Assignment: From the first line through the line containing "redução do consumo", transcribe the records exactly and include no other lines.

Supplied material:

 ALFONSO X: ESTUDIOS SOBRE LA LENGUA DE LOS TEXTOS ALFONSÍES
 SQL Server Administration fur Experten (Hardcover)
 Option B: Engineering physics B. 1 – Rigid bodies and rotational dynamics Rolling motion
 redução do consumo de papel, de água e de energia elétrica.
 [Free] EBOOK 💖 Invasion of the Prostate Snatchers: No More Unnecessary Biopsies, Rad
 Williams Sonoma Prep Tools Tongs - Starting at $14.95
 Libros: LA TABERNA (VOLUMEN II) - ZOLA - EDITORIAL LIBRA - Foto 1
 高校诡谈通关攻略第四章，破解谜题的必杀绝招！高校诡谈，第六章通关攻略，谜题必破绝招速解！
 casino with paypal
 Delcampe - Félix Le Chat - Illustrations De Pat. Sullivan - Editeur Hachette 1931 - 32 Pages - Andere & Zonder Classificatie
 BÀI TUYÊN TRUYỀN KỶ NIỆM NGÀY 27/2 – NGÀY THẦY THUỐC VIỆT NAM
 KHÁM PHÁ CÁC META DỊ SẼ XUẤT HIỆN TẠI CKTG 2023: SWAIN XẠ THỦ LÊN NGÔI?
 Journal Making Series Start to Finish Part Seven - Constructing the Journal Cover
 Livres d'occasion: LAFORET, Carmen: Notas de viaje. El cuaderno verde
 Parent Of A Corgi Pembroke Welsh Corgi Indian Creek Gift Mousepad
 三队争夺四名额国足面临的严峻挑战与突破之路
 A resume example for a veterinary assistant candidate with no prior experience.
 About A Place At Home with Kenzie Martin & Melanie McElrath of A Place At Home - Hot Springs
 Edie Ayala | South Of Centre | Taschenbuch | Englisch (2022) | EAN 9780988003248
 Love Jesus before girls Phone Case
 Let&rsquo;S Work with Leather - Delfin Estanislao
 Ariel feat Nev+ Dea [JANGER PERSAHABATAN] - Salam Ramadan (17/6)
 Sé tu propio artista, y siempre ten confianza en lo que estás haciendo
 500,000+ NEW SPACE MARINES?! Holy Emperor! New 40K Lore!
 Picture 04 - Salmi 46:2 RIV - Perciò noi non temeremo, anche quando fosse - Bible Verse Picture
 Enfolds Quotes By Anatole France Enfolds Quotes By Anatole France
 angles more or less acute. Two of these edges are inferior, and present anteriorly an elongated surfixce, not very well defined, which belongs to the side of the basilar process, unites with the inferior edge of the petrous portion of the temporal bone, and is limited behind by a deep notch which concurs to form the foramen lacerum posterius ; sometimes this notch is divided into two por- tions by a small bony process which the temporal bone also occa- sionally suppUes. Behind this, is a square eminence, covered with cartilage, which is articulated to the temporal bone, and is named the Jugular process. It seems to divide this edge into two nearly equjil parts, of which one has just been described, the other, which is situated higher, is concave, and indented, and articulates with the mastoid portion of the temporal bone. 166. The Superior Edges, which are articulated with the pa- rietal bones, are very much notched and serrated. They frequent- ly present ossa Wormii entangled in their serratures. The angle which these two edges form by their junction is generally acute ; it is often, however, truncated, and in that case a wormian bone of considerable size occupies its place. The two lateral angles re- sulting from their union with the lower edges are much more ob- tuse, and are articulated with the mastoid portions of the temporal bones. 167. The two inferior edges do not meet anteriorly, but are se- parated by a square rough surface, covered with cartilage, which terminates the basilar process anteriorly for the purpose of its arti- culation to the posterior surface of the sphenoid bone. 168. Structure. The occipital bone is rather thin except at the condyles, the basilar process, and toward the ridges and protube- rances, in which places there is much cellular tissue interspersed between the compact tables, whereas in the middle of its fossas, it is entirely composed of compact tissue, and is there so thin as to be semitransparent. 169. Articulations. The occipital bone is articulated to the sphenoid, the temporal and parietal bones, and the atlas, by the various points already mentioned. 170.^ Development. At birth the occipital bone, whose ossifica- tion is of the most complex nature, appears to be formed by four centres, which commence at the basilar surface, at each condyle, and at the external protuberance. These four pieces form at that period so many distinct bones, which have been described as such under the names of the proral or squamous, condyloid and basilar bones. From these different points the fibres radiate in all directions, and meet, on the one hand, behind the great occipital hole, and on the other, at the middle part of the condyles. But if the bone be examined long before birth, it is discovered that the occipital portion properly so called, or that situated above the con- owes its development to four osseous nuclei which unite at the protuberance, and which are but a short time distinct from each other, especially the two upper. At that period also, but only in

Solved problem:
 ALFONSO X: ESTUDIOS SOBRE LA LENGUA DE LOS TEXTOS ALFONSÍES
 SQL Server Administration fur Experten (Hardcover)
 Option B: Engineering physics B. 1 – Rigid bodies and rotational dynamics Rolling motion
 redução do consumo de papel, de água e de energia elétrica.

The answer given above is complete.